The CEO of a New York fashion company says the Cuomo administration fleeced her out of $10.4 million — refusing to pay for an order of PPE she delivered during the height of the COVID-19 pandemic, according to a lawsuit filed Thursday.
State representatives allegedly used “bullying” and misogynistic tactics to rip off Laws of Motion, a woman-run, NY-based label — leaving it on the brink of collapse, the filing states.
“The Cuomo administration had been deliberately obstructionist — all in a very clear attempt to avoid payment and systemically work to silence and destroy anyone they felt superior to,” CEO Carly Bigi told The Post.
Her company struck a $26.4 million deal with the administration in early April 2023 for an expedited order of 2.4 million surgical gowns, according to the suit, filed in the New York State Court of Claims.
At the time, the Empire State was facing a critical shortage of PPE and some health care workers were even forced to wear trash bags as gowns, The Post reported then.
“We were going to do everything we could to help,” Bigi said.
Her staff worked at “rocket speed” to prepare a proposal and samples to send to the state, she said. Payment terms required the state to pay 75 percent up front and 25 percent upon delivery of the gowns.
By June 3, the company had completed the orders, overcoming “significant logistical hurdles in order to make the expedited delivery needed by NYS,” the filing states.
Under the contract, the state had two weeks to inspect the gowns upon receipt, and if any defects were found, Laws of Motion would have the opportunity to recall, inspect and fix them.
But after allegedly accepting and using the gowns for weeks, the state claimed that there were “quality issues” with the goods and refused to pay out its balance of $10.45 million.
Bigi, a Columbia Business School graduate, said the behavior was emblematic of the Cuomo administration’s alleged culture of bullying and intimidation.
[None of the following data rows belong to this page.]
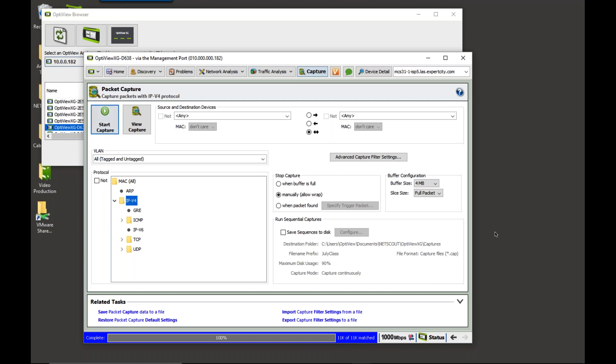OK, so to set up a triggered capture on the OptiView XG, the first thing we're going to do is come in and click on when packet found. So I'm going to come and click on that.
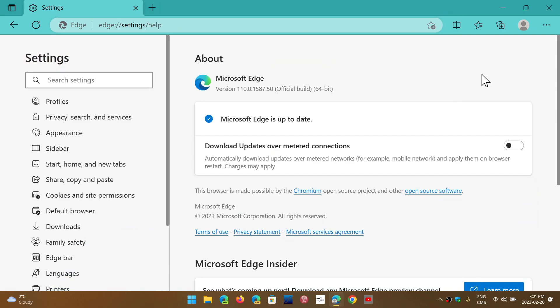So three updates last week, and we are, as of today, Monday, February 20th, unless something new happens in five minutes after I post a video, at 110.0.1587.50.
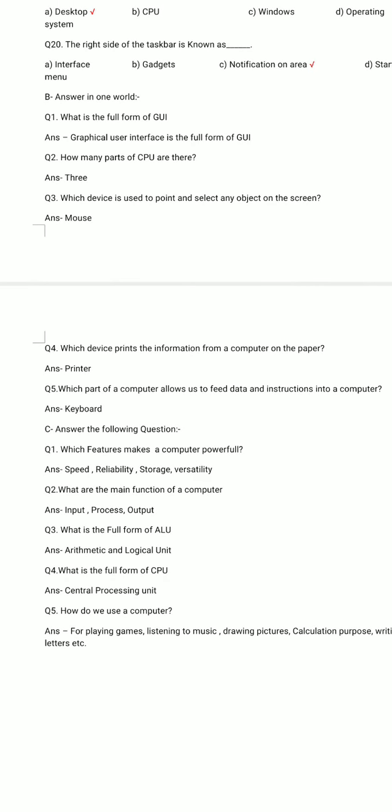Part B: Answer in one word. Question number 1. What is the full form of GUI? Answer: Graphical User Interface is the full form of GUI.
“This is all part of their strategy … and their culture of bullying women and small business owners,” she said. “This is all a very clear tactic and part of their obstructionist behavior — we won’t stand for it.”
The state’s actions caused her company to “lose other customers and business opportunities, resulting in significant financial and reputational damages,” the suit states.
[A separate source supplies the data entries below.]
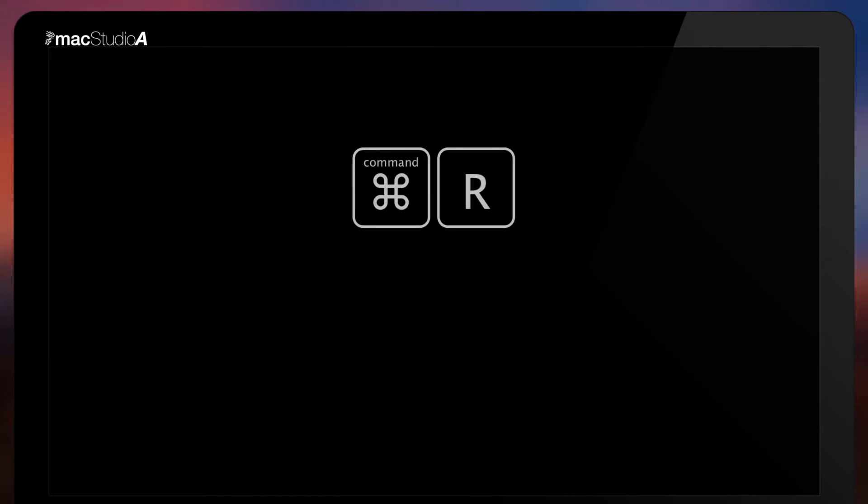we need to start the Mac in recovery mode. Basically, after pressing the power button or restarting your Mac, and immediately after hearing the familiar chime sound, simultaneously hold down the command and R keys.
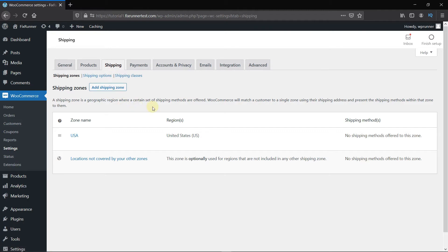If you don't have a shipping zone set up, you can do that by clicking here. I'll edit this shipping zone that I already have.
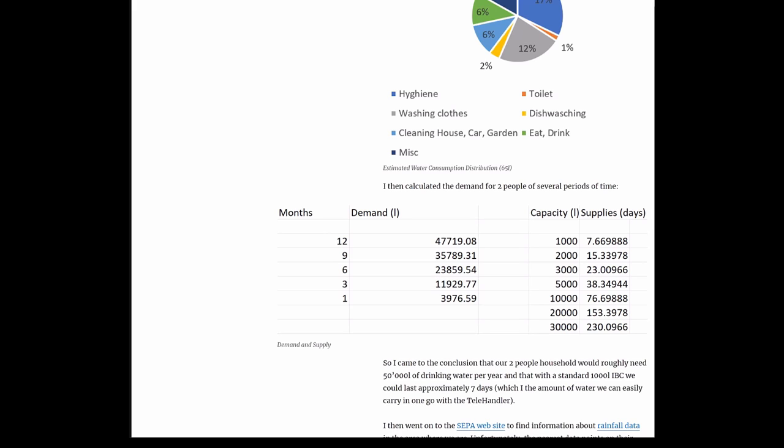So I came to the conclusion that our two-people household would roughly need 50,000 liters of drinking water per year, and that with the standard 1,000 liter IBC, we could last approximately seven and a half days, which is the amount of water we can easily carry in one go with a telehandler, because the IBCs come with a forklift shoe and the standalone water tanks probably do not and they're not as easy to carry.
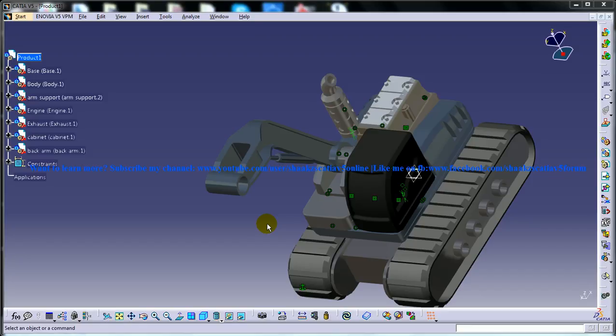Hi, this is Mohamed Shakeel here and you are watching a tutorial on the excavator design in Catia V5.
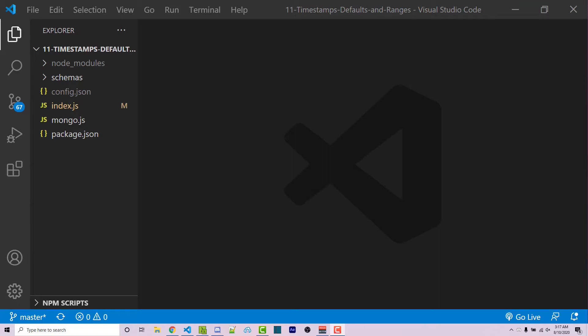Hello everyone, Alex here from warnoffkeys.com and in this video I'm going to show you something that you should probably be aware of when you're creating collections using Mongoose.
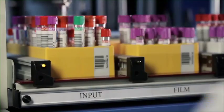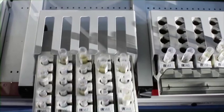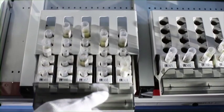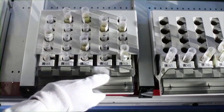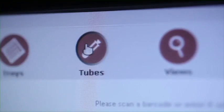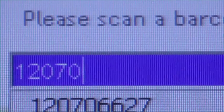Automating these tasks increases productivity by optimizing the workflow in the laboratory, by decreasing sample turnaround time, and by reducing the incidence of lost or misplaced tubes.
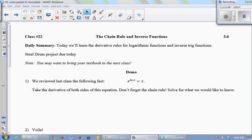Today we're going to learn the derivative rule for log functions and for inverse functions in general — how to come up with a derivative rule for an inverse trig function. You can use this method for any inverse function. If you know the derivative of a function and you want to know the derivative of its inverse, you can generalize the method that we're going to do today.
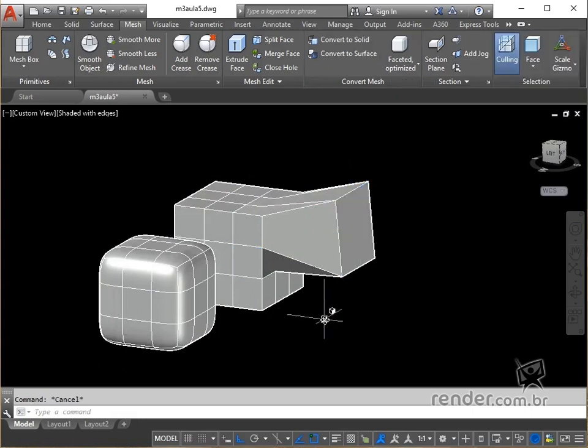We have seen in this class how to select edges, faces and vertices in meshes, and how to move, rotate and scale these elements with the help of the gizmos.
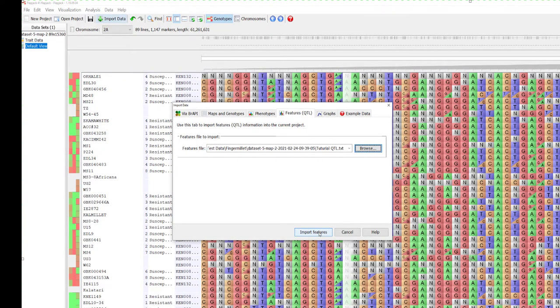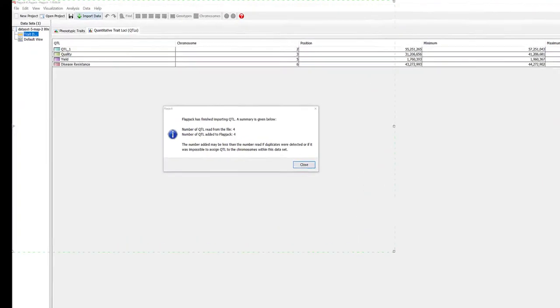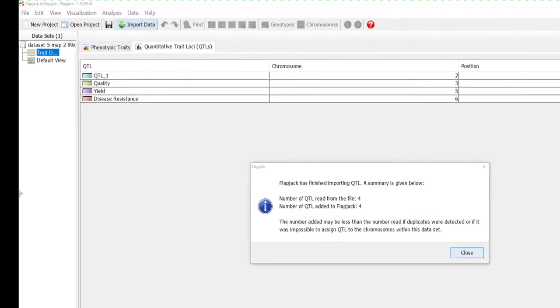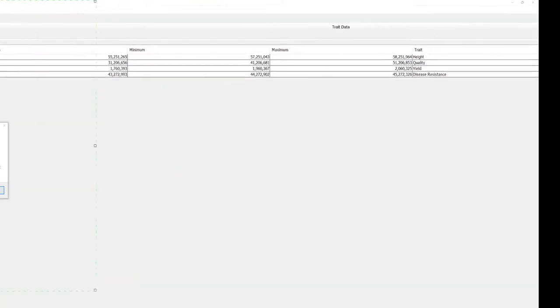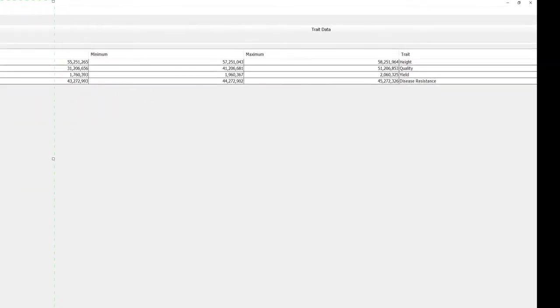The displayed table shows our QTL data, chromosome, location, trait and associated experimental information.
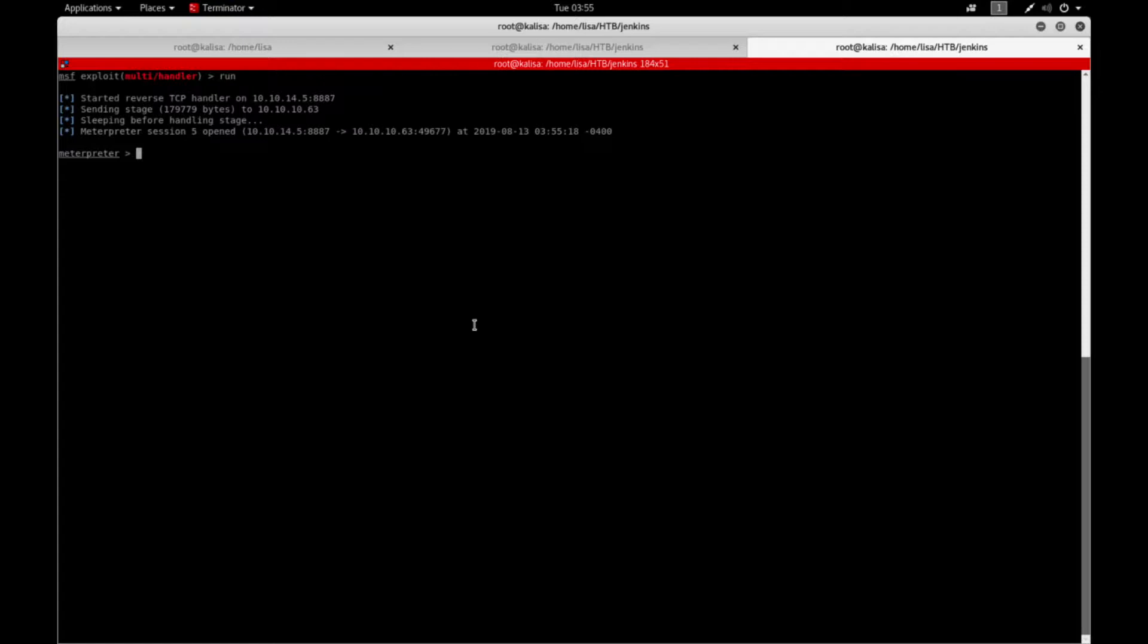In this video I'm going to use the box called Jeeves from Hack the Box and I already have a low privilege shell. So let's just jump in.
She is seeking at least $33 million for breach of contract and other claims.
“Laws of Motion has repeatedly offered to replace any defective gowns to the extent any quality issues are actually identified and proven,” the filing states.
However, the state instead filed a complaint with the US Food and Drug Administration about the gowns — leading the agency to issue an alert in August, saying there was a “potential safety issue” with the goods, the suit alleges.
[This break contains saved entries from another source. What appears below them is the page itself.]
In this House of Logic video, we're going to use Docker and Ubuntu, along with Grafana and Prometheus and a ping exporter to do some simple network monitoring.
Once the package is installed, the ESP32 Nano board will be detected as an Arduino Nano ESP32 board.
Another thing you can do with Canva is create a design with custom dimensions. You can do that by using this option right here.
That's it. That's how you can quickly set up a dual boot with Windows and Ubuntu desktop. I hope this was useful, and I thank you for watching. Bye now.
“As a result of the FDA alert instigated by NYS and the other actions of NYS described herein, Laws of Motion lost existing customers and prospective business relationships.”
Even before claiming the gowns were faulty, state reps “acted with particular animosity” towards Laws of Motion in an effort to “intimidate” the business into discounting the already agreed-upon contracts, the court document says.
Sean Carroll, the Chief Procurement Officer for the state’s Office of General Services, allegedly had a call with Bigi in late May in which he “used a “bullying and condescending posture” to get the company to accept a lower or delayed payment on its invoices, according to the lawsuit.
“I’ve never been spoken to like that in my life,” Bigi recalled. “He assumed because I was a woman I was unfit to run my company.”
Michael Pasinkoff, the Special Counsel for Ethics, Risk and Compliance with the state Division of Human Rights, also allegedly referred to Bigi “in a condescending manner as ‘that woman’” during the dispute over the gowns, the court docs allege.
A spokesman for Gov. Andrew Cuomo said the gowns failed to meet requirements agreed upon in the contracts.
“The products delivered by this company were not only nonconforming to the requirements of the contract, but were also largely unusable for any medical purpose,” Rich Azzopardi said in a statement.